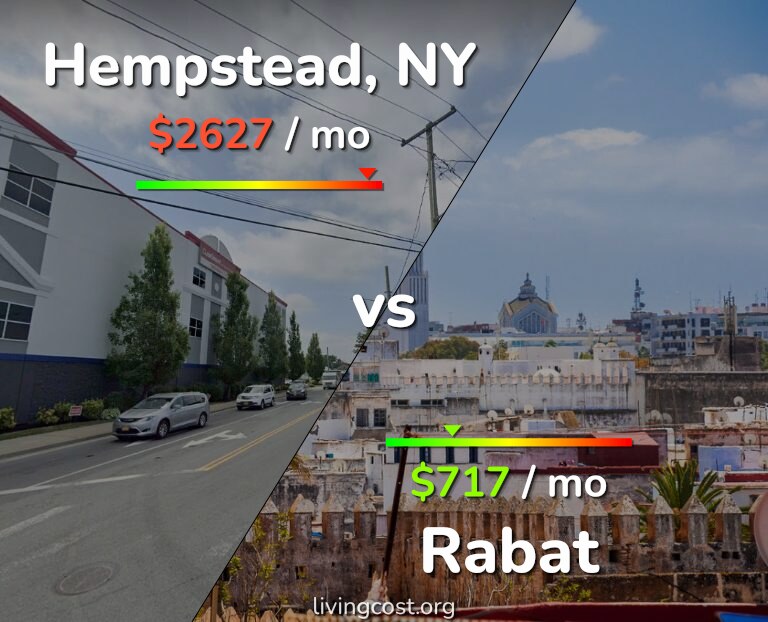 Cost of living in Hempstead vs Rabat infographic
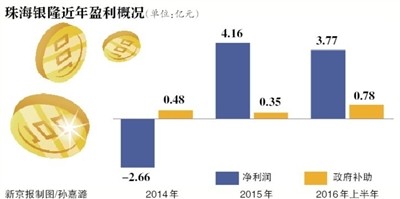 格力电器三日内两遭深交所问询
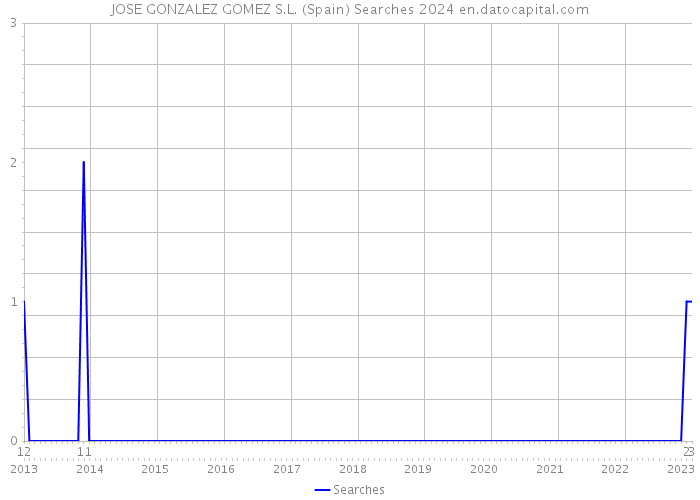 JOSE GONZALEZ GOMEZ S.L. (Spain) Searches 2024 
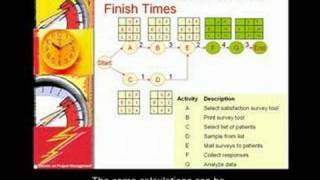 Control Path Method  Part 2 of 2 [upl. by Ardnayek]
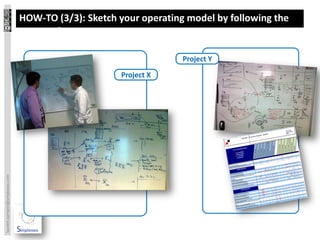 HOW-TO (3/3): Sketch your operating model by following the
                                 user stories …

                                                                    Project Y

                                                      Project X
laurent.sarrazin@simplexeo.com
 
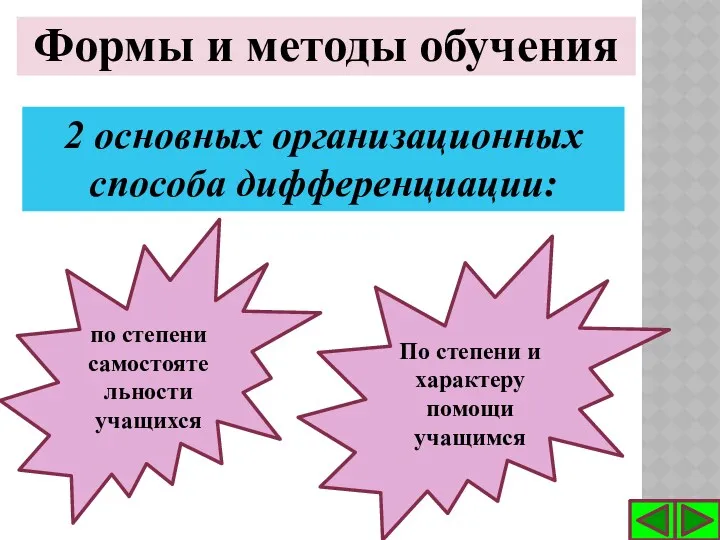 Формы и методы обучения 2 основных организационных способа дифференциации: по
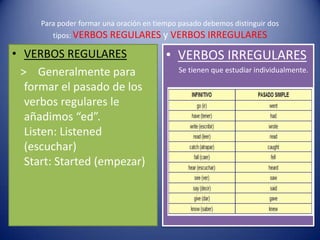 Para poder formar una oración en tiempo pasado debemos distinguir dos
tipos: VERBOS REGULARES y VERBOS IRREGULARES
• VERBOS REGULARES
> Generalmente para
formar el pasado de los
verbos regulares le
añadimos “ed”.
Listen: Listened
(escuchar)
Start: Started (empezar)
• VERBOS IRREGULARES
Se tienen que estudiar individualmente.
 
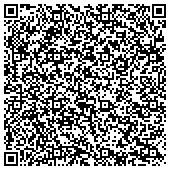 QR code with Allentown Housing Authority - Community Center- Little Lehigh Community Buil contacts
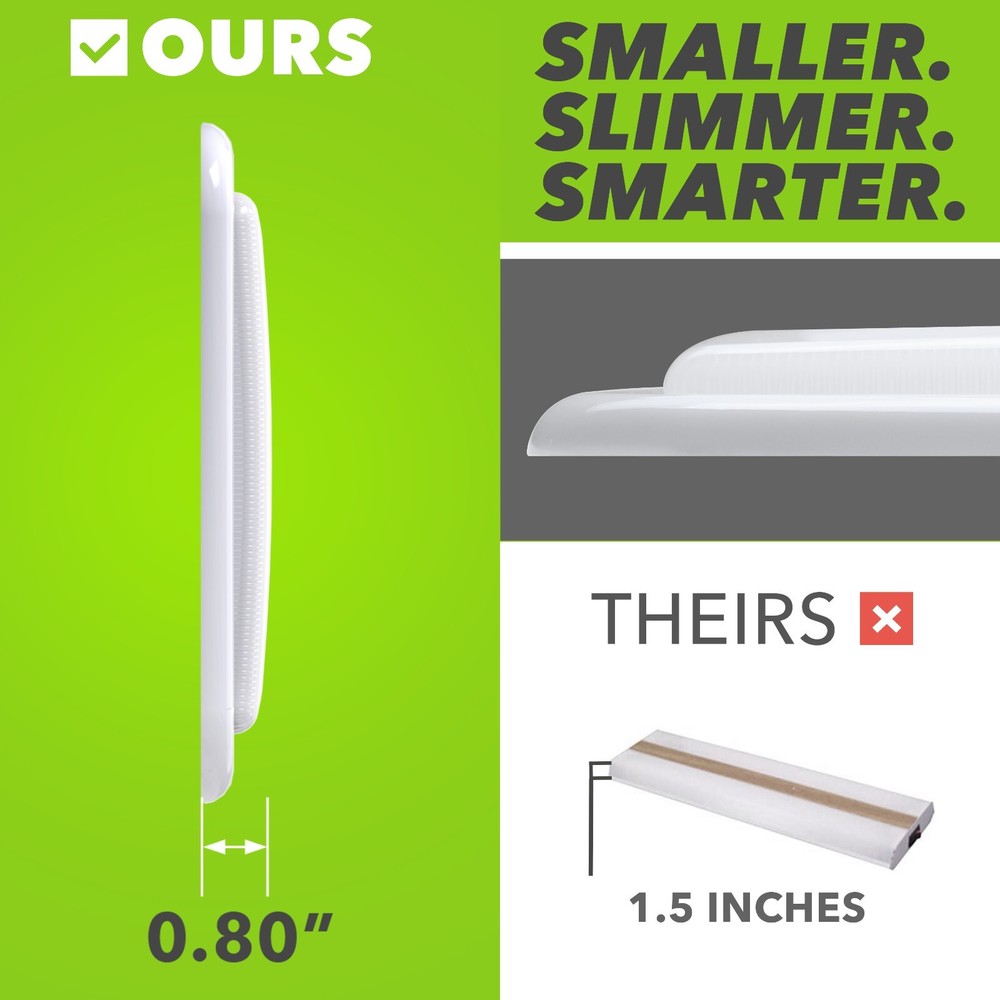 21'' RV LED Interior Ceiling Dome Light 12V W Touch dimmer Switch Camper 2000LM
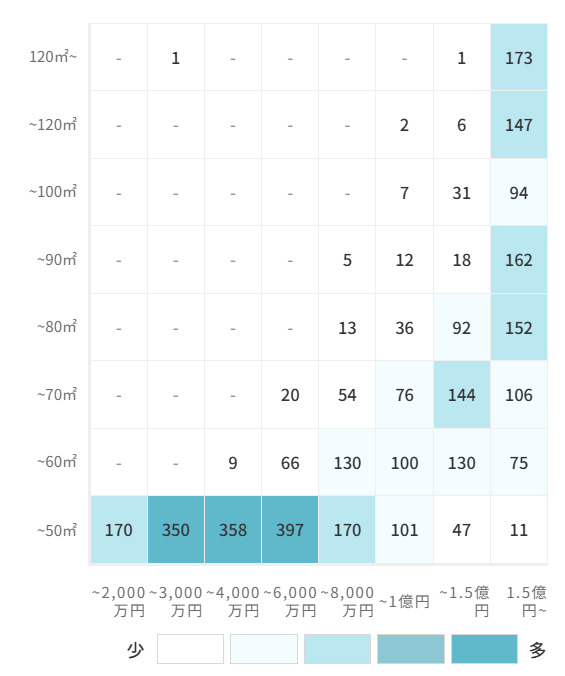マンションの[専有面積]×[価格]で見る売却物件数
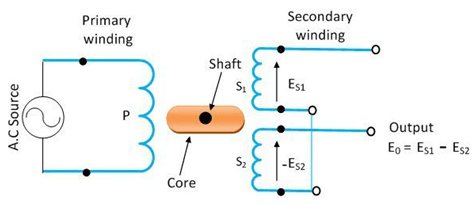 rvdt circuit diagram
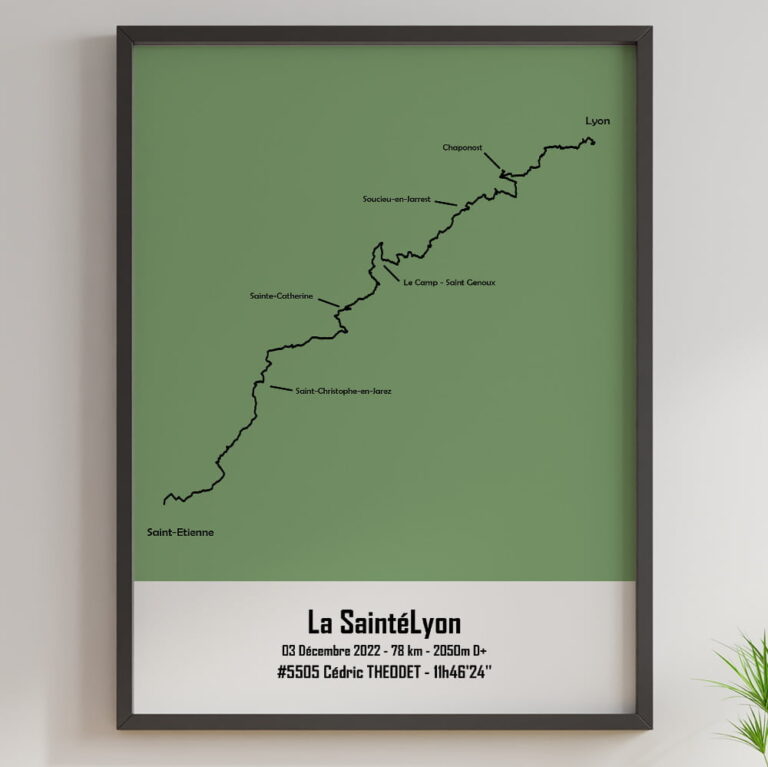 The Post Trace - SaintéLyon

Your instructions
Look above for the line containing "rvdt circuit diagram", then retype it and each line after it to the end of the records, exactly and without pictures.

Result of the exercise
 rvdt circuit diagram
 The Post Trace - SaintéLyon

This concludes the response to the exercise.